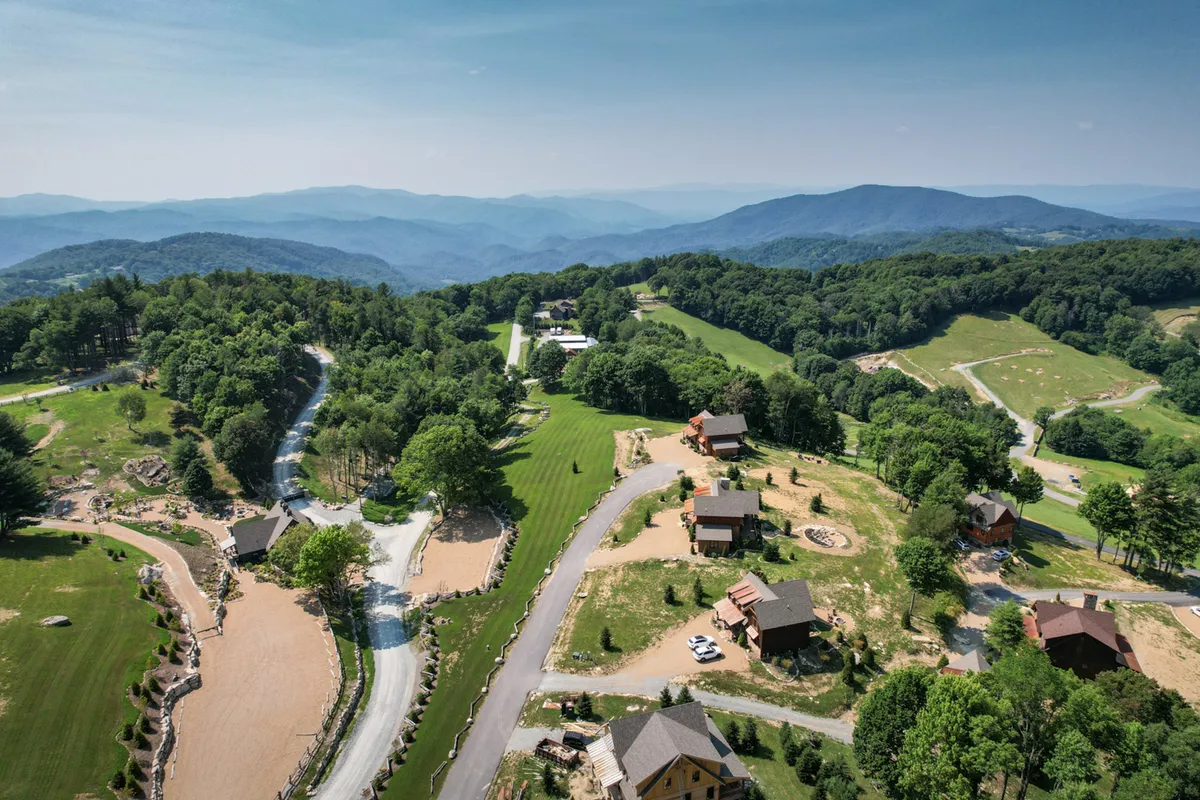 A tranquil exterior shot showcasing mountain views, scenic wooded roads, and neighboring cabins. The image captures the broader setting of the resort, inviting families to explore hiking, biking, and nature walks just beyond the doorstep.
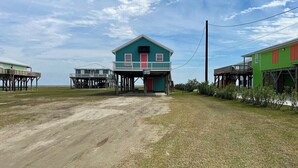 A coastal house with a porch and a small deck, surrounded by grassy areas and other buildings. - Sassy Seagull Beachfront and Sunrise (Grand Isle)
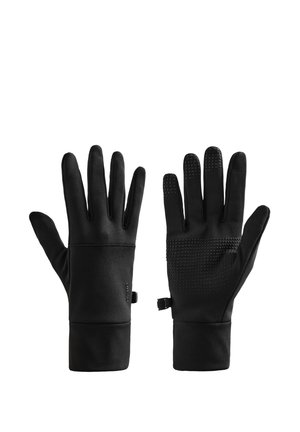 Paire de gants noirs avec des points d'adhérence sur la paume et les bouts des doigts, des poignets prolongés et de petites attaches latérales sur fond blanc.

● **EXERCISE AIM**
The reply should consist of the listing restated word for word, with its pictures removed.

● **RESULT FOR THIS TASK**
 A tranquil exterior shot showcasing mountain views, scenic wooded roads, and neighboring cabins. The image captures the broader setting of the resort, inviting families to explore hiking, biking, and nature walks just beyond the doorstep.
 A coastal house with a porch and a small deck, surrounded by grassy areas and other buildings. - Sassy Seagull Beachfront and Sunrise (Grand Isle)
 Paire de gants noirs avec des points d'adhérence sur la paume et les bouts des doigts, des poignets prolongés et de petites attaches latérales sur fond blanc.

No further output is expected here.